**Extracted information**
"""
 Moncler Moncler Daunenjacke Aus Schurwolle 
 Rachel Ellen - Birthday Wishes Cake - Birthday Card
"""
"""
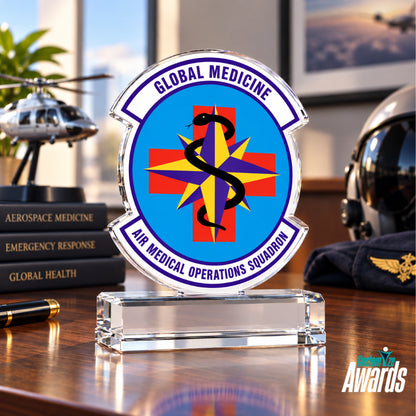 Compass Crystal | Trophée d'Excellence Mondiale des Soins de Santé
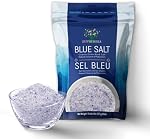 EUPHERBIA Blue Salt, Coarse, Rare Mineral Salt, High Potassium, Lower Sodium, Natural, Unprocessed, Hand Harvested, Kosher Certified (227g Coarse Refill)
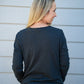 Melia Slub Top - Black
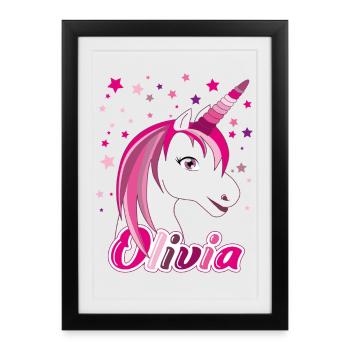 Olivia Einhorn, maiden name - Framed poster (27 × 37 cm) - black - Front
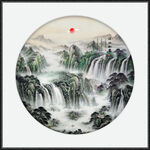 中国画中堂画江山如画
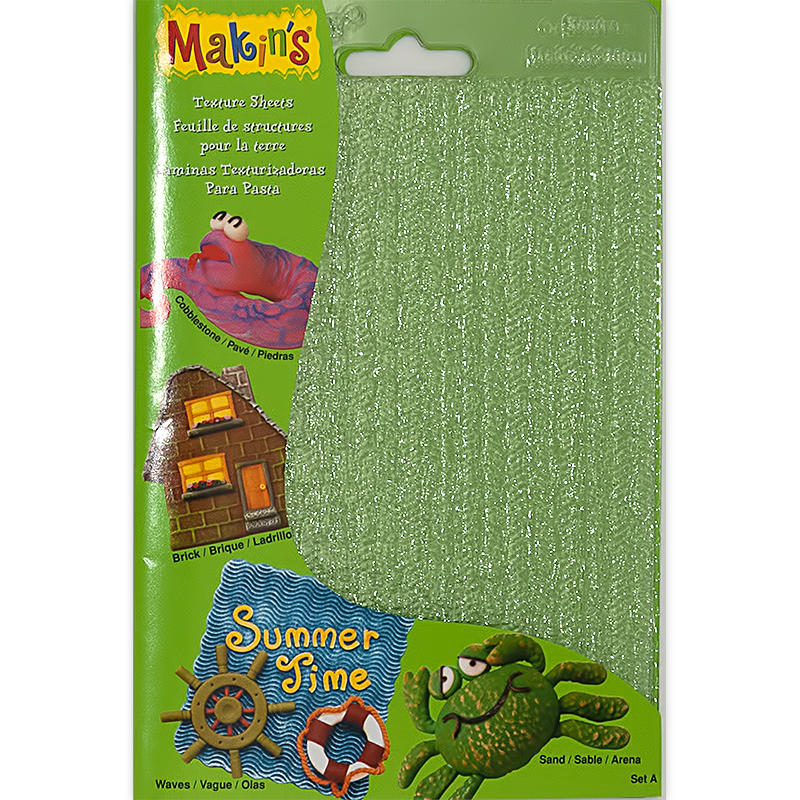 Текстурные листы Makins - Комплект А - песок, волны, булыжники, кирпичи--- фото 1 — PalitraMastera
"""
Write back the stretch of lines above that begins with the line holding "EUPHERBIA Blue Salt, Coarse, Rare" and ends with the line holding "Текстурные листы Makins", both included, exactly as written. Pictures stay out.

**Response**
 EUPHERBIA Blue Salt, Coarse, Rare Mineral Salt, High Potassium, Lower Sodium, Natural, Unprocessed, Hand Harvested, Kosher Certified (227g Coarse Refill)
 Melia Slub Top - Black
 Olivia Einhorn, maiden name - Framed poster (27 × 37 cm) - black - Front
 中国画中堂画江山如画
 Текстурные листы Makins - Комплект А - песок, волны, булыжники, кирпичи--- фото 1 — PalitraMastera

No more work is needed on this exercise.